One measure usually ignored is that the majority of women in America today report some form of sexual dysfunction. Young people today report they have sex less often than young people reported in the past, even after age 18.
@sexhysteria having less sex then previous generation is not necessary dysfunction. It might be that previous generation slept around too much. Or result of lifestyle differences that have nothing to do with dysfunction.
I read that when one talk with teenagers openly about sex they have less of it – it is not that mystical thing they expect good knows what anymore and it cease to be the “proof of manhood” or rebellion thing. Which would be a good thing.
@Andy: “I read that when one talk with teenagers openly about sex they have less of it” True. Less, safer and later teen sex in countries with comprehensive sex ed.
Apparently I’ve been dead all these years, and didn’t know it.
Born in East LA (“everyone” knows how dangerous THAT is), grew up on the South Side, selling newspapers on busy corner at at 10 or 11, bicycling with friends all over the LA basin–Pasadena, yes, to the beach, well, yeah. And at age 14 bicycled from South LA to San Juan Capistrano and back (more than 100 miles) in one day. On that last one, pedaling included passing a large farm tract south of the small town of Anaheim that later became a real Mickey Mouse operation.
Parents. Are you sure that video game your child is using is safe? He/she might injure his/her thumbs, ya know.
@andy: “I read that when one talk with teenagers openly about sex they have less of it it is not that mystical thing they expect good knows what anymore and it cease to be the ‘proof of manhood’ or rebellion thing. Which would be a good thing.”
Would teens want to have less sex, by any chance, after the boys are told that if they do have sex then they may well be beaten in prison for the rest of their lives on some feminist AOC “rape” charge?
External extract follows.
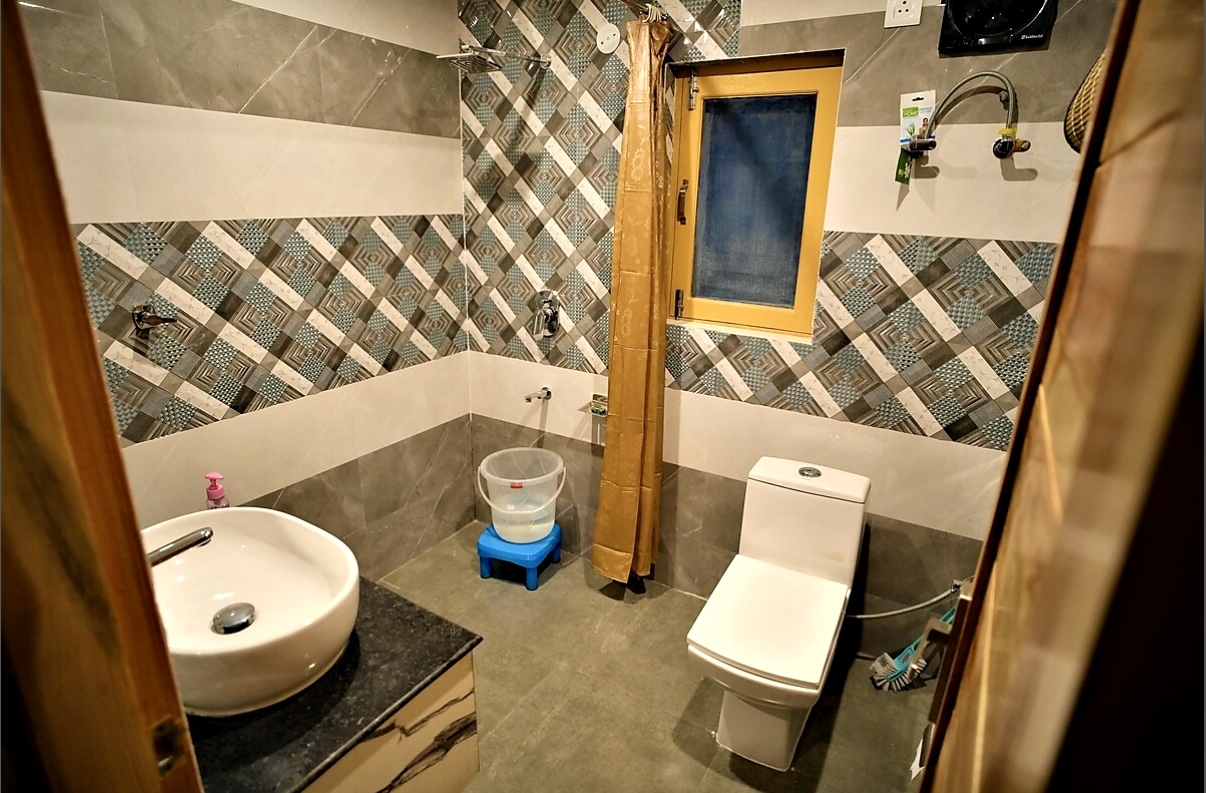 Riverside 1Bhk Attic Bedroom Apartment in Manali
Or telling the girls that a lot of men might be rapists/deadbeat dads? Or bringing up how bad teenage pregnancies are (despite it previously having been fairly normal)? Or mentioning the abysmal rates for relationship breakdown and divorce? Or, of course, pointing out to the boys how, in the event of relationship breakdown, the woman gets to keep the kids, the house, the car, their life savings and the boy goes to prison for rape/child molestation (as she’ll most likely to accuse him of it so to ensure she gets to keep everything)? And hey, if somehow the teen manages to skate past all that and get into a meaningful relationship and have children then Child Protective Services will undoubtedly sooner or later come to take their children away (who will probably be murdered in a foster care home).
You know, after thinking about all that, I’m not liking the idea of having sex either!
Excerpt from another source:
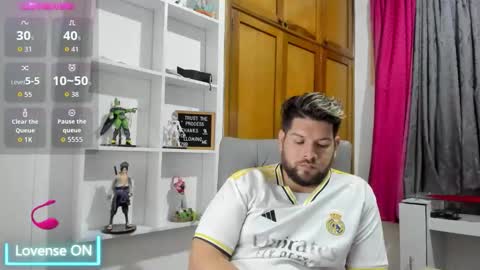 angel online show from March 12, 4:44 pm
But really, I think @sexhysteria has a point. We may be *safer* but that doesn’t necessarily mean we are more happy. Relationships are far more fragile than they used to be, partly because of a concerted feminist campaign of hate to criminalise sex and break up families, but also because of economic pressures that result in people moving around a lot (which has helped the feminists to succeed in their campaign of hate).
my kids stayed out past the street lights last night (with permission) they begged to be allowed to play in the backyard 15 more minutes with their friends, I didn’t want them still on the street after dark… they had a great time and came in exhausted. just the way I like them. School starts in Tuesday– they are getting the last bits of summer in they can.